The correctness gate checks all supported `detect` and `count` results against
`ahocorasick`. For `extract`, it checks extracted-match counts per document. All
supported methods agreed in this run.
## Build Cost
`ahocorasick` builds a reusable automaton before querying. Build time was small
for all tested pattern sets.
| Case | Build median ms |
| ----------------- | --------------- |
| `en_small_common` | 0.22 |
| `en_large_rare` | 0.37 |
| `zh_small_common` | 0.24 |
| `mix_medium` | 0.31 |
## Detect
`ahocorasick` was the fastest method for `detect` in all four cases. `polars`
were steadily fast. The base R loop was close for `en_small_common` because it
can stop at the first common pattern in each document.
Median time in milliseconds:
| Case | `ahocorasick` | `polars` | `AhoCorasickTrie` | base `for` | `tidyverse` |
| ----------------- | ------------- | -------- | ----------------- | ---------- | ----------- |
| `en_small_common` | 0.38 | 0.93 | 111.59 | 0.53 | 4.13 |
| `en_large_rare` | 3.04 | 3.21 | 13.82 | 103.94 | 53.16 |
| `zh_small_common` | 0.81 | 1.08 | skipped | 4.98 | 14.78 |
| `mix_medium` | 0.36 | 1.02 | skipped | 2.96 | 14.34 |
## Count
`ahocorasick` was also the fastest method for `count` in all four cases.
`polars` were close to `ahocorasick` and quite fast.
Median time in milliseconds:
| Case | `ahocorasick` | `polars` | `AhoCorasickTrie` | base `for` | `tidyverse` |
| ----------------- | ------------- | -------- | ----------------- | ---------- | ----------- |
| `en_small_common` | 5.86 | 6.53 | 110.77 | 60.25 | 13.29 |
| `en_large_rare` | 4.66 | 5.38 | 14.12 | 375.45 | 53.16 |
| `zh_small_common` | 11.32 | 12.58 | skipped | 202.76 | 28.85 |
| `mix_medium` | 9.11 | 9.21 | skipped | 266.52 | 26.61 |
## Extract
`extract` measures the cost of materializing match results, not just searching.
`ahocorasick::ac_extract_df()` is the fastest method in all four cases.
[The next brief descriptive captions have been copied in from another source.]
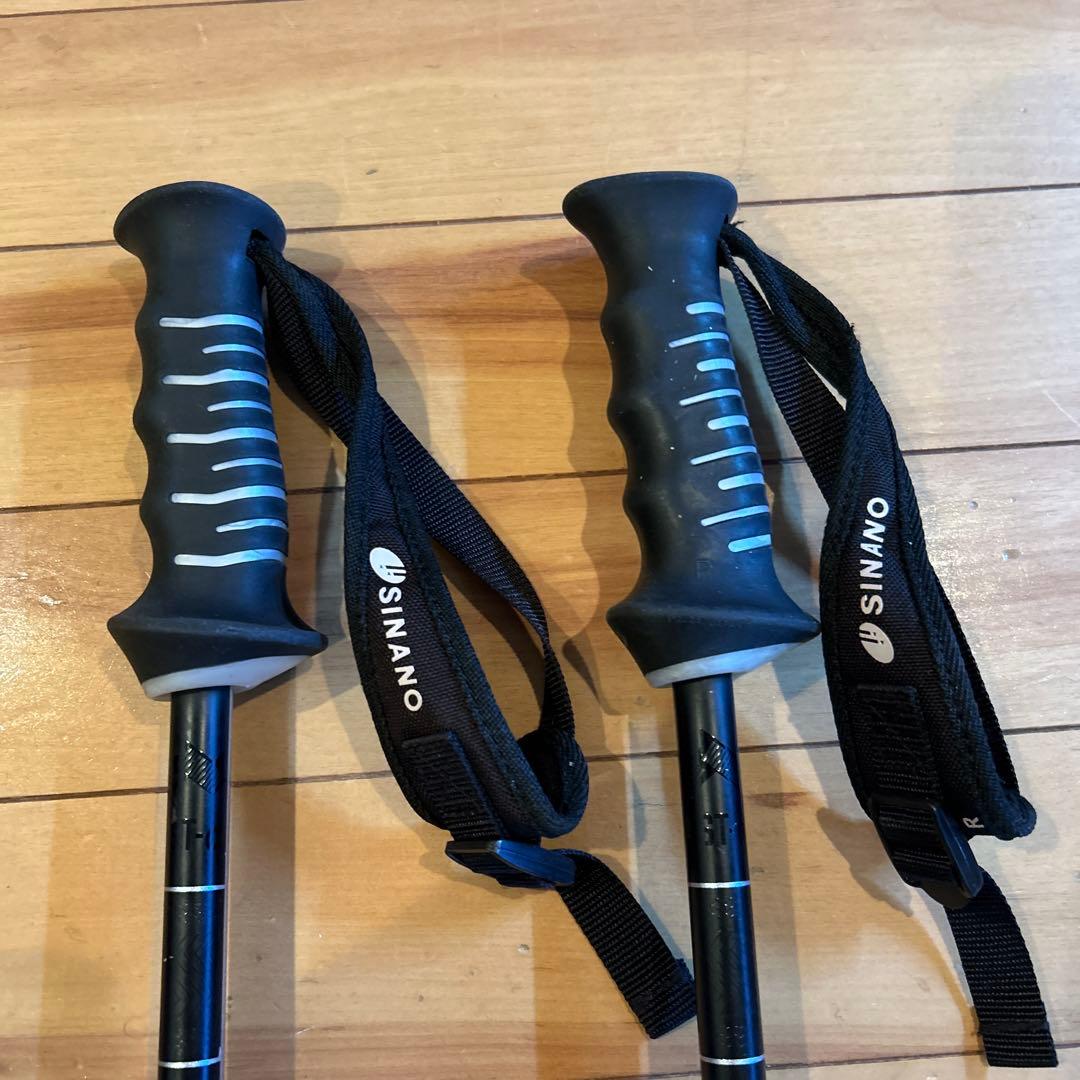 SINANO スキー ストック 伸縮式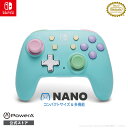 【PowerA 公式ストア】パワーエー ナノ・エンハンスド・ワイヤレスコントローラー for Nintendo Switch - スプリングドリーム NSGP0347JP-01【任天堂公式ライセンス商品】【LINEお友だち登録クーポンプレゼント】【送料無料】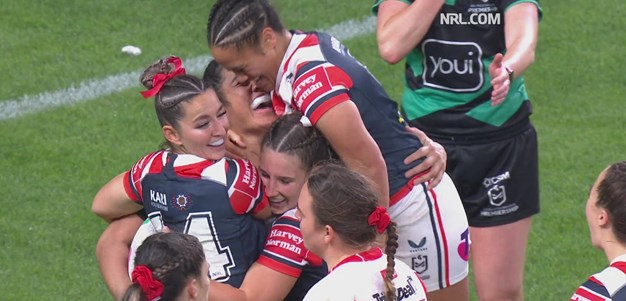 Pule Runs Off McGregor to Score Her First NRLW Try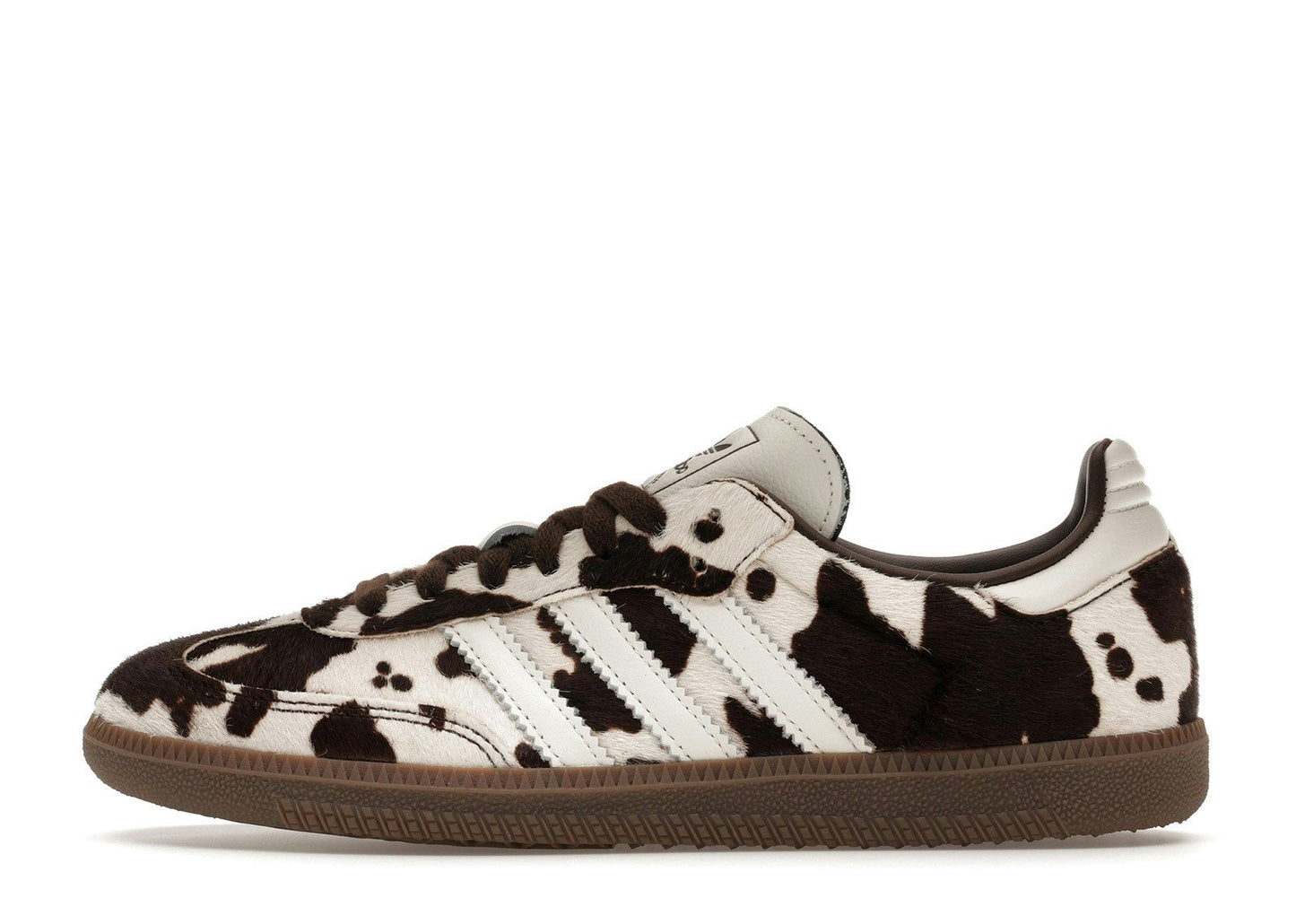 adidas Samba OG Cow Print Dark Brown White (Women's)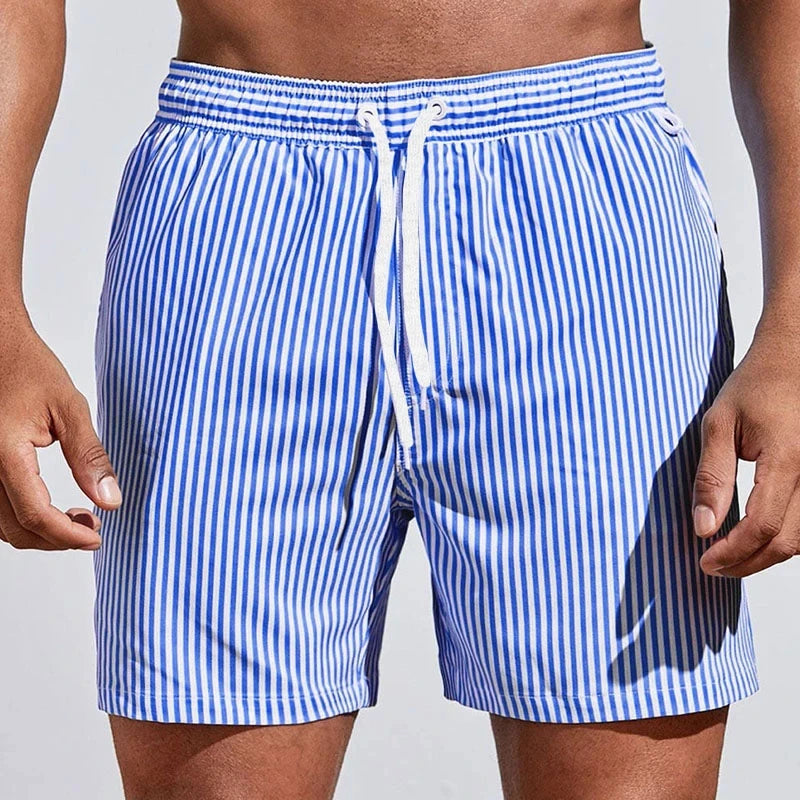 Men's Quick-Dry Board Shorts – Beach & Surf Swim Trunks with Pocket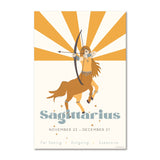 Sagittarius Zodiac Poster - Confía Collective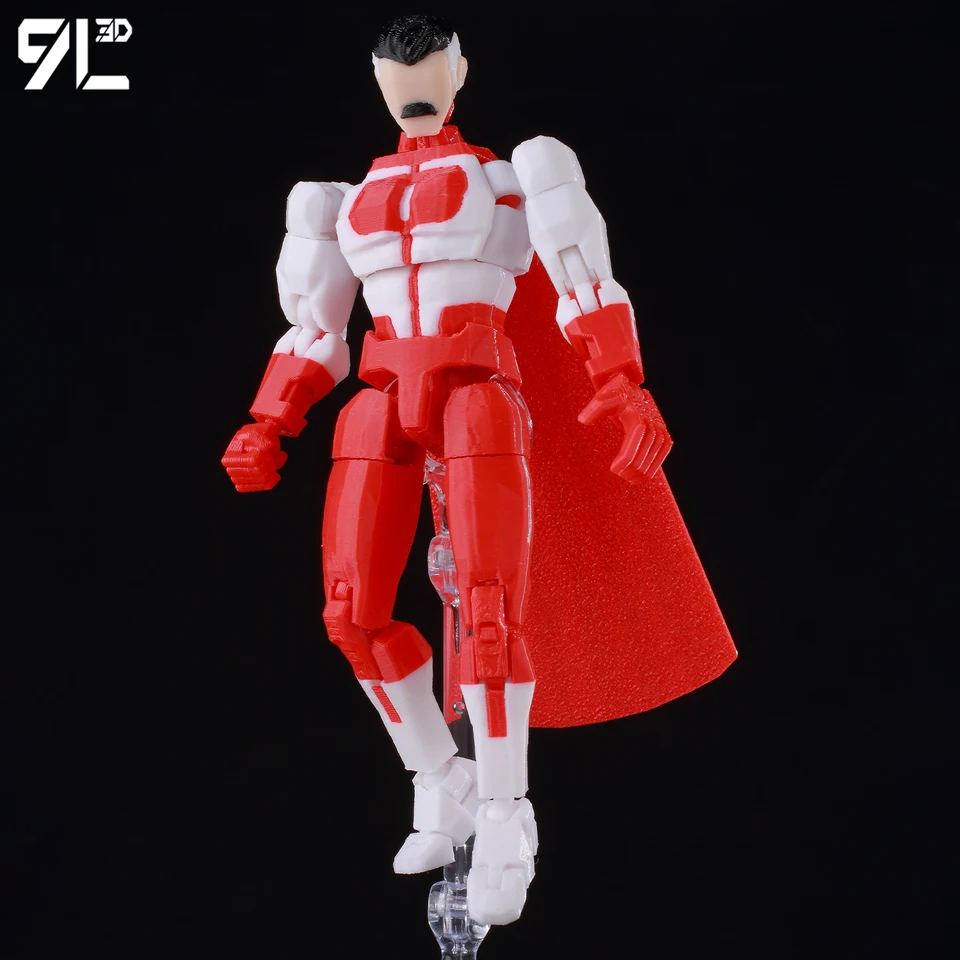 9L3D Lucky13 Omni-Man Action Figure Dummy13 with Red Cape T13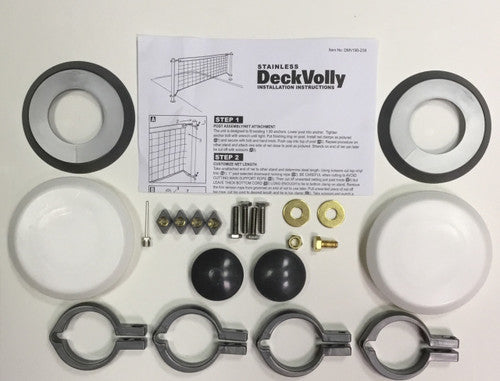 2 3/8" Stainless DeckVolly Hardware Bag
It will
return a tidy long DataFrame directly from the Rust output, avoiding the
overhead in R. `polars`' performance is almost the same as `ahocorasick` because
they both use the same Rust crate under the hood.
Median time in milliseconds:
| Case | `ahocorasick` | `polars` | `AhoCorasickTrie` | base `for` | `tidyverse` |
| ----------------- | ------------- | -------- | ----------------- | ---------- | ----------- |
| `en_small_common` | 16.29 | 16.97 | 62.11 | 1957.20 | 1904.87 |
| `en_large_rare` | 4.78 | 6.74 | 12.28 | 506.96 | 222.36 |
| `zh_small_common` | 16.65 | 17.93 | skipped | 2037.89 | 1163.19 |
| `mix_medium` | 15.82 | 18.34 | skipped | 3499.28 | 2535.26 |
## Summary
Use `ahocorasick` when you need fast reusable multi-pattern matching over R
character vectors, especially with UTF-8 text. In this run it is consistently
fastest for `detect`, `count`, and `extract`.
Use `polars` if your data is already in a DataFrame and you want to both keep in
the DataFrame workflow and have good performance. Its expressions are fast, but
you should make sure to use the right ones (such as `find_many()`).